Celui qui manage, hiérarchiquement ou fonctionnellement, de sa place, sur son périmètre, est pris dans le rôle de représenter et d’agir la structuration légitime du savoir quant aux manières de faire, à l’avenir, aux notions directrices, aux enjeux, etc. Il doit, entre autres, travailler à l’établissement du savoir légitime et percute ainsi les savoirs expérientiels potentiellement dissidents. Dans cette activité, entre autres, il développe son savoir expérientiel, dont il est porteur comme n’importe quel membre de l’organisation.
Le motif démocratique dans les organisations de travail est fortement d’actualité, d’autant plus dans un secteur qui se préoccupe aussi de cela dans la relation d’accompagnement. Et il me semble intéressant de réfléchir la manière dont la démocratisation se pense autour des enjeux de savoir et de pouvoir. Elle est une thématique clé de l’analyse du travail.
Pour des considérations de simplicité sur un format court, le propos restera dans la dichotomie. Néanmoins, la fonction managériale est étirée le long d’une chaîne hiérarchique, elle-même soumise à des injonctions extérieures. Il n’y a pas une place unique de manageur, face aux autres.
Tim Ingold (L’anthropologie comme éducation, 2018) propose d’abandonner l’analyse en termes de passage des générations, c’est-à-dire d’une transmission de savoirs finis, légitimes, d’un groupe précis, déjà là, à un autre qui vient. Le monde est, au contraire, un processus continu de fabrication que partagent ceux qui sont là. Si les premiers ont des savoirs constitués, l’expérience est forcément remise en cause par la nouveauté. Et si les nouveaux se construisent par l’expérience, ils gagnent aussi à découvrir ce que d’autres ont déjà pensé. La transmission doit ainsi être conçue comme partage de l’expérience de l’environnement. Le savoir est ainsi au-delà de la chose sue (un contenu), de sa structuration (son autorisation) : il est vie commune.

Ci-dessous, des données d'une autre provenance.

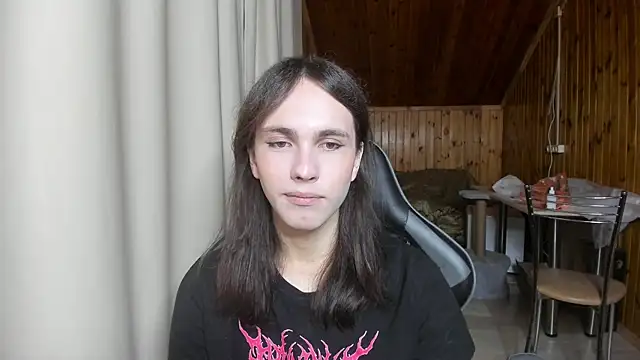 Snapshot of fcherthth chatting on 12/22/24, 01:01 fcherthth online show from 12/22/24, 01:01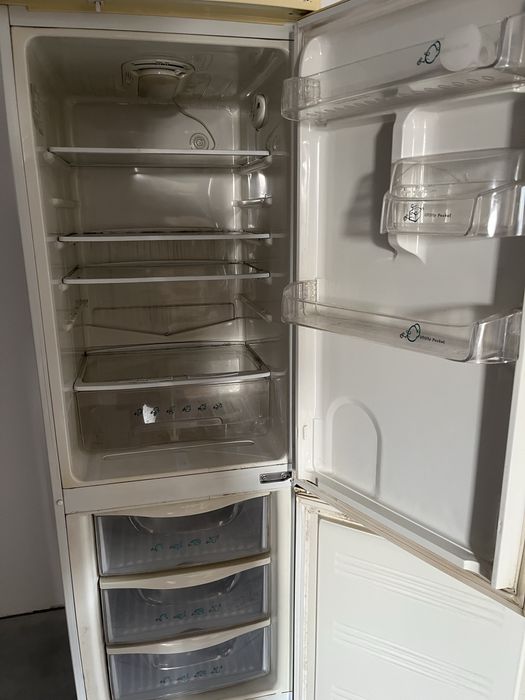 Холодильник бууу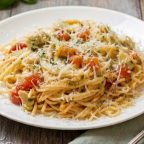 Linguine W/ Garlic, Artichokes, Tomatoes And Fresh Basil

Dans l’organisation, la dimension temporelle est secondaire face au système légitime qui pose plutôt la question des espaces où s’élabore la pensée qui précède l’activité des autres. Mais la réflexion d’Ingold tient toujours. Elle invite à se demander comment nous attribuons de la valeur au fait que la production du monde se partage et pensons un espace pour assumer et porter ce processus de manière égalitaire.
Il est alors question de créer des espaces où nous pourrions mettre en travail nos savoirs expérientiels propres, ainsi que le système légitime de savoir pour qu’ils se mettent à l’épreuve les uns des autres, se partagent et se complètent. Et à ce titre, l’espace-temps managérial (là où se fabrique la relation, les pratiques, les savoirs du management, de part et d’autre) pourrait être un espace-temps où le travail et son savoir se constituent comme commun (une ressource à constituer comme telle, appartenant à tous, à gérer en commun, selon Pascal Nicolas-Le Strat et son Travail du commun, 2016), plutôt que comme un espace où se rejoue un ordre structurel des savoirs dominants. Ce qui inviterait à un double mouvement : accepter de savoir… avec l’autre, tout comme accepter de ne pas savoir et de chercher… avec ce même autre. Et donc, partir des asymétries de savoirs et de non-savoirs pour construire une expérience partagée.
Cette conception des communs mise sur le travail que demande leur constitution. Ce n’est pas un acquis, ce n’est pas un décret et donc, ce n’est pas un absolu qui s’impose. C’est un labeur de besogneux. Aujourd’hui, le management est empli de storytellings vainqueurs qui s’arrachent en conférences pour sortir sans cesse la nouvelle méthode. Le cheminement des communs bien qu’ambitieux, et en opposition avec de nombreux autres modèles, rappelle qu’il est avant tout question de fabrication, dans le quotidien et l’effort. Le management, de demain, se construit et se pense ici et maintenant, savoirs après expériences communes.